● Instructions for the task: Beginning with the first line of the material, set down each line exactly as written, up to and including the line with "Kubota KX019-4 Mini".

● Records shown:
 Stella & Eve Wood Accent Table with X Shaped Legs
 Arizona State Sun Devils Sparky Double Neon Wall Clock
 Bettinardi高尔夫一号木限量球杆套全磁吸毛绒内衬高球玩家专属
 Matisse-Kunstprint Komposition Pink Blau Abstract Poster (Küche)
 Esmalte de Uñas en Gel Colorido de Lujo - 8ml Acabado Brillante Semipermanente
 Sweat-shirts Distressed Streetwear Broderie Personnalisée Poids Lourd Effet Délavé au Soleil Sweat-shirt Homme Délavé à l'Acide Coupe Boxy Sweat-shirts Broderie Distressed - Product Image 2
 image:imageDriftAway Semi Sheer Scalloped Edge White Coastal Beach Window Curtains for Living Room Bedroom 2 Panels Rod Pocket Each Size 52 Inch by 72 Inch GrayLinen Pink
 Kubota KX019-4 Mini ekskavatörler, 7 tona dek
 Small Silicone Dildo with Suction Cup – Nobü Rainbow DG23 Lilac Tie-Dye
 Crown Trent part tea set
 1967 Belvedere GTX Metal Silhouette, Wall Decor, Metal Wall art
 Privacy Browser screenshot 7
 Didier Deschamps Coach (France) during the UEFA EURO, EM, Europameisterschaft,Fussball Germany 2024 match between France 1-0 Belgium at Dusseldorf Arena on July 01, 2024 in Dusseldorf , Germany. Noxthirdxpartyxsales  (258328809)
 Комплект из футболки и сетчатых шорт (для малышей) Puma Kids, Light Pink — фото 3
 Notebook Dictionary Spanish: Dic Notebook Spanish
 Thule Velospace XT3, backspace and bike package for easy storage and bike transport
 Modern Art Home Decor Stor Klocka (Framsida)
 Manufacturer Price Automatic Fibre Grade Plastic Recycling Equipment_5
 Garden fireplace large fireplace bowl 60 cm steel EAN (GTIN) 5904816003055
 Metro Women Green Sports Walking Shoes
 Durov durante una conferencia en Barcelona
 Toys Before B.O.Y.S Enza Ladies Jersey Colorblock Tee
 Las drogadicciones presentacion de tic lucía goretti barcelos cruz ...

● Response to the task:
 Stella & Eve Wood Accent Table with X Shaped Legs
 Arizona State Sun Devils Sparky Double Neon Wall Clock
 Bettinardi高尔夫一号木限量球杆套全磁吸毛绒内衬高球玩家专属
 Matisse-Kunstprint Komposition Pink Blau Abstract Poster (Küche)
 Esmalte de Uñas en Gel Colorido de Lujo - 8ml Acabado Brillante Semipermanente
 Sweat-shirts Distressed Streetwear Broderie Personnalisée Poids Lourd Effet Délavé au Soleil Sweat-shirt Homme Délavé à l'Acide Coupe Boxy Sweat-shirts Broderie Distressed - Product Image 2
 image:imageDriftAway Semi Sheer Scalloped Edge White Coastal Beach Window Curtains for Living Room Bedroom 2 Panels Rod Pocket Each Size 52 Inch by 72 Inch GrayLinen Pink
 Kubota KX019-4 Mini ekskavatörler, 7 tona dek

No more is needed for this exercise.